В одном из писем Иван Сергеевич признавался родителям, что "хотел бы взглянуть на Лондон". В молодости не раз видевший Герцена (с ним был ближе знаком старший брат Константин), он теперь, спустя десять лет после эмиграции его, с любопытством ожидал встречи с этим человеком, сделавшимся предметом столь разноречивых суждений в русской публике.
Герцен приветливо встретил Ивана Аксакова. Вскоре за столом, где хозяин взял на себя "должность разливателя шампанского", гость попал в поток его красноречия, с блеском острот, парадоксов, воспоминаний о прошлом. Но были у обоих в разговоре и конкретные цели. Дело в том, что в руки Герцена неизвестно какими путями попали в Лондоне два экземпляра сцен драмы Ивана Аксакова "Утро в уголовной палате", в которых резко обличались судебные, крепостнические порядки в России. И вот, ухватившись за эту довольно резкую вещь, "сатирически, да еще талантливо написанную", Герцен решил напечатать ее отдельным изданием, и теперь, при встрече с автором, просил согласие на это. Но у автора была своя просьба: "уважить его отказ".

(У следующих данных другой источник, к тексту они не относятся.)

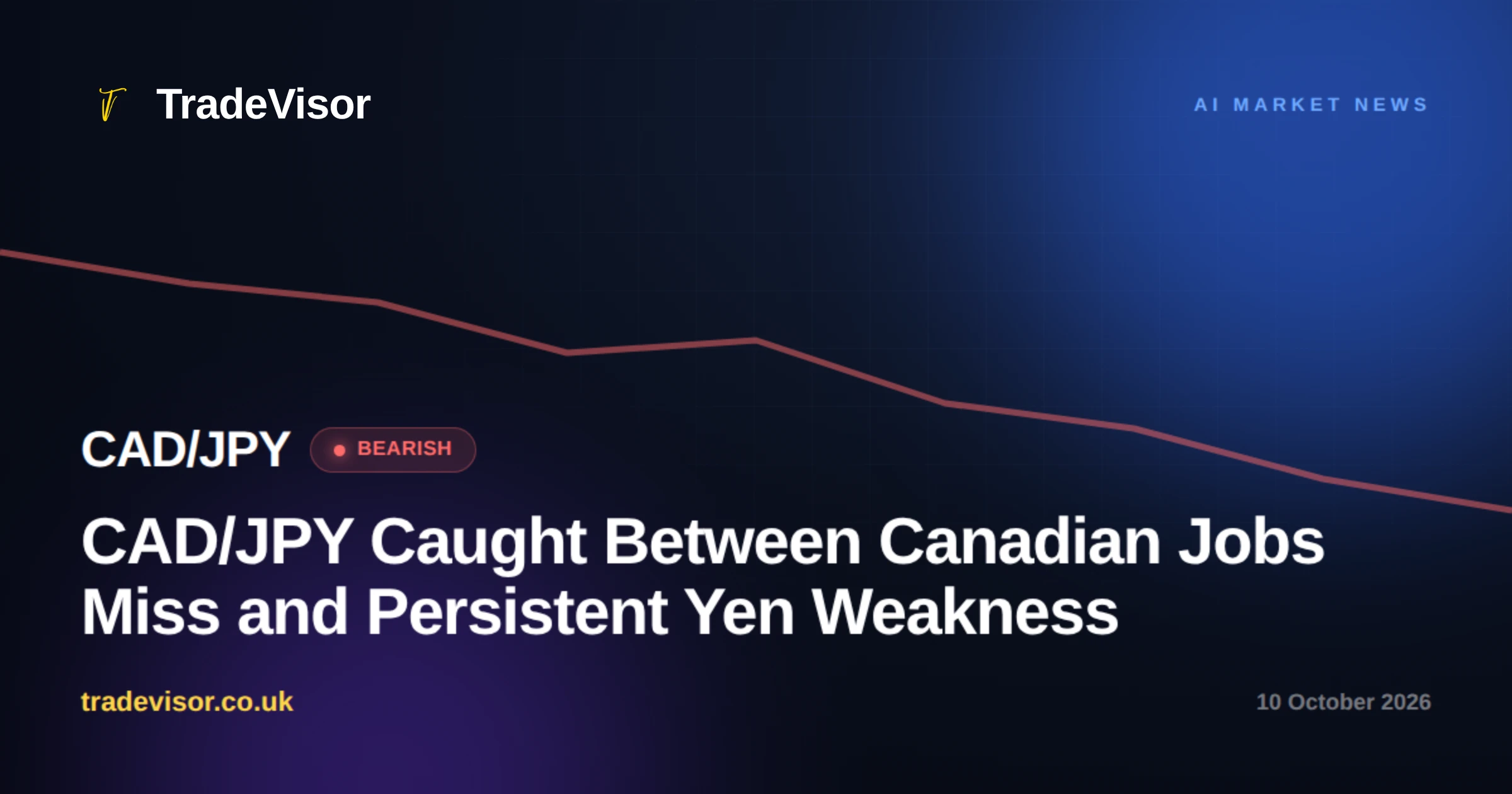 CAD/JPY Caught Between Canadian Jobs Miss and Persistent Yen Weakness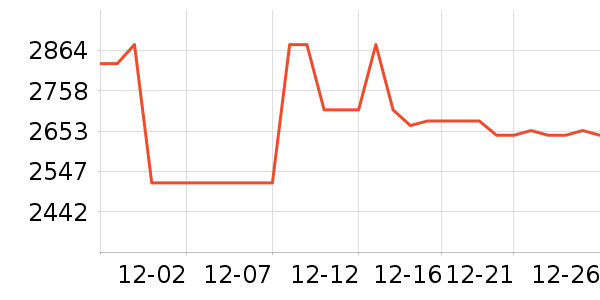 �����Ŵ���ʷ�۸�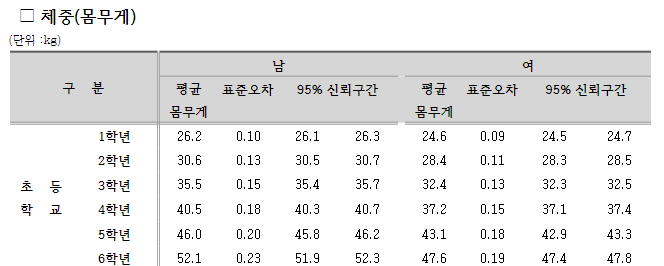 초등학생-평균몸무게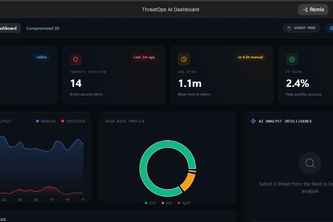 ThreatOps AI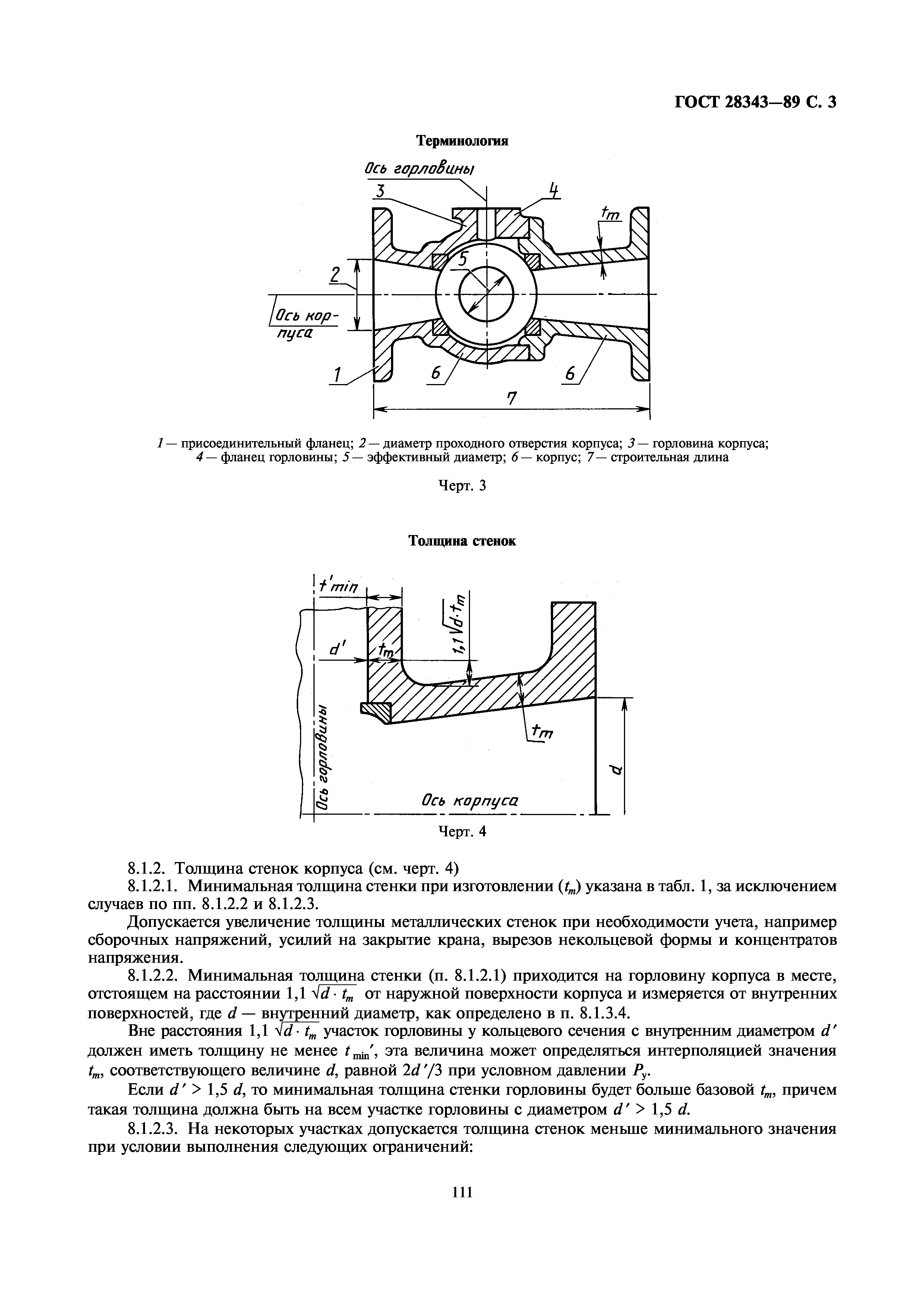 ГОСТ 28343-89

Ведь и явился Аксаков к Герцену не ради "судебных сцен" и моды побывать у "знаменитого изгнанника". Были у него свои причины для такого визита. Ему было известно о разочаровании Герцена Западом, о неприятии им буржуазного пути для России, и видимо, в этом слышался ему "живой голос" Герцена, а он, Аксаков, считал, что "необходимо затронуть все живое". Впоследствии, говоря об этой встрече в одном из писем, Герцен называл "брата ярого славянофила" Ивана Аксакова "человеком большого таланта... с практической жилкой и проницательностью". "Мы с ним очень, очень сошлись", - писал он И.С. Тургеневу. Надо сказать, что далеко не во всем сошлись. Герцен видел в собеседнике "немного славянофила" и тогда, в прямом разговоре, объяснил, что его, Герцена, связывает и разделяет со славянофилами.